One of Chrysler Corporation’s new breed of dashing young executives was in Miami recently to address the monthly meeting of the South Florida Automotive Media Association and he told the group that his company has some great new vehicles in the pipeline for the American consumer.
Speaking to SAMA board members gathered for lunch in Miami Beach on the sixth floor of the new and stunningly beautiful 1111 Lincoln Road parking garage, Ralph Gilles — who is the president and CEO of Dodge and also serves as the vice president of design for Chrysler Corporation – said today’s car companies are going to find themselves locked in a “knife fight” for market share.
“We (Chrysler) have some great things (vehicles) in store that are coming and will help round out our portfolio,” said Gilles. “But it’s going to be an interesting knife fight out there because everybody’s car portfolio is going to meet head on; everyone’s going to have a small car, everyone’s going to have a medium car, everyone’s got a luxury brand. So the ones that win will be the ones with the brand that actually mean something to people.”
Gilles conceded that all of the U.S. companies are turning out good vehicles today and the industry has become intensely competitive.
“The American car companies are building some really good cars right now,” he said. “We know internally that we are seeing huge strides in quality. And that’s reflected at our dealers where the average dealer is basically doing maintenance work and not warranty work; a very steep drop in warranty claims.”
Gilles told the auto writers that Chrysler’s partnership with Italian car company Fiat is progressing very well.

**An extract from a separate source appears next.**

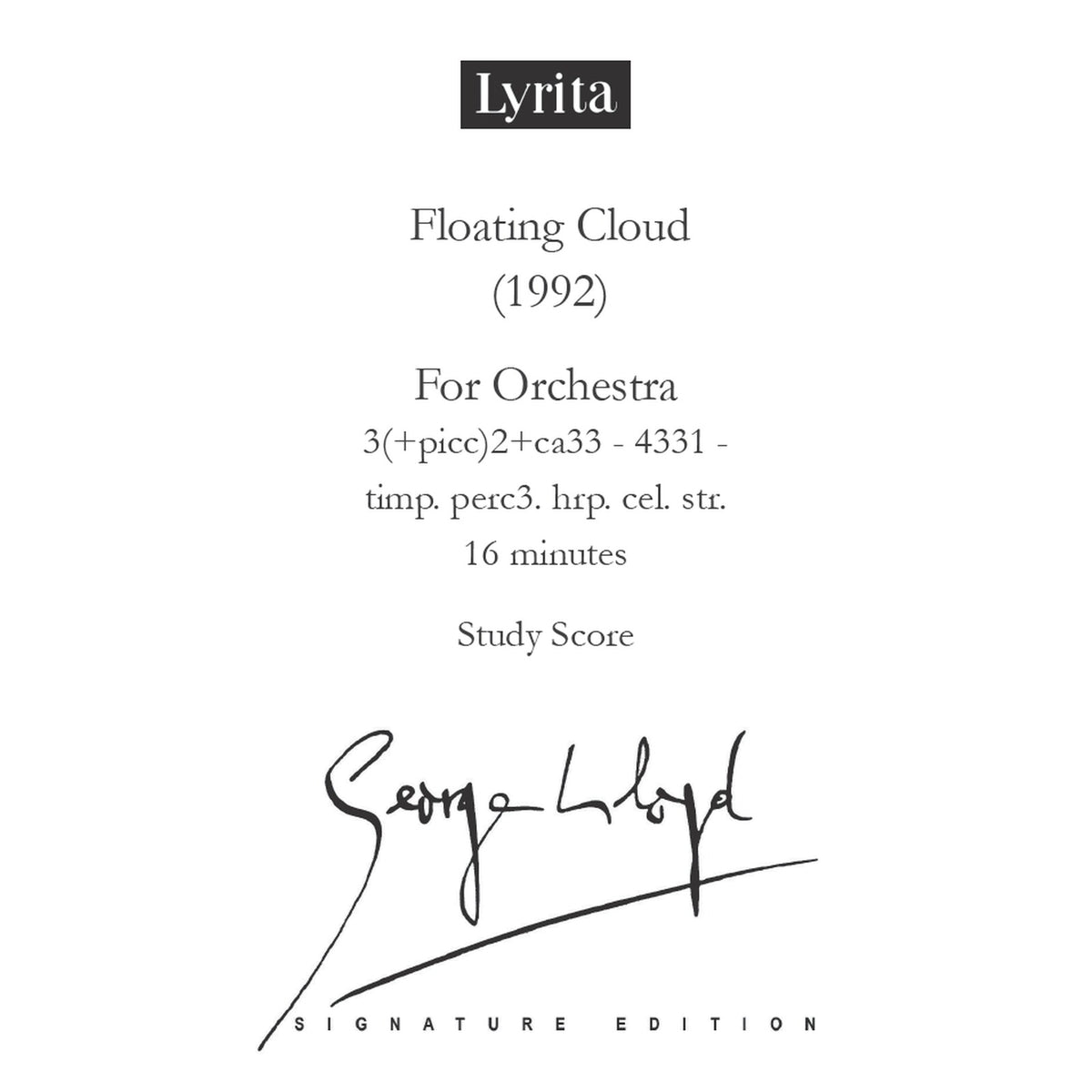 George Lloyd - George Lloyd: Floating Cloud (1992) Study Score for orchestra - SRMP-0033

“It’s phenomenal,” he said. “We’re well underway, we’re almost two years into it now and the transparency is incredible. The back and forth exchange between engineers is great. We’re already doing commingle projects. The Fiat 500 is being built in Mexico, engineered by Americans for this market. The engine is being built in Dundee, Michigan. So, it’s happening, real time!”
Gilles also said Chrysler has not been left behind in the development of an electric car and has one in development that will be on the market by the end of 2012.

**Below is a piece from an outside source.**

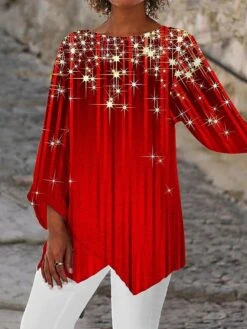 Women's Shirt Christmas Shirt White Yellow Wine Christmas Tree Snowflake Deer Asymmetric Print Long Sleeve Christmas Weekend Streetwear Print Christmas Round Neck Regular Fit -Cheap Women Clothing Store bzioap1666257048753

“Electric vehicles make sense, but the vehicle demand has to be right,” he said. “The thing about electric powertrains is that they are very scaleable, very easy to move around. So we’re going to use the Fiat 500, it’s the perfect donor; it’s a very low energy-demand type of vehicle and it’s very efficient. All the work that we did the last three years (on electric vehicle technology) is not going to waste and it will be out in less than two years. It’s well under way.”
Flanked by six new 2011 Dodge vehicles – a Charger, a Challenger, an Avenger, a Caravan, a Journey and a Durango — Gilles told SAMA members that Chrysler and Dodge have redefined their marketing strategy after coming out of bankruptcy and are focusing on a more youthful buyer.
“The new younger buyer is somewhat unpolluted,” he said. “Their mindset has yet to be formed. We do okay with our loyalty in terms of our current buyers, we’re kind of growing with them; but it’s time to fish in fresh waters, basically.”
Gilles also said that auto racing fits well with Dodge’s marketing strategy.
“We make rear-drive, V-8 powered vehicles and that’s what we race,” he said. “So we’re one of the few auto makers that actually build what we race. And it’s hard to ignore the reach that NASCAR has. Eight-and-a-half million people watch every weekend, so you’ve gotta be there. If you’re not, you’re almost suspiciously absent, especially for a brand like ours, which is all about performance.”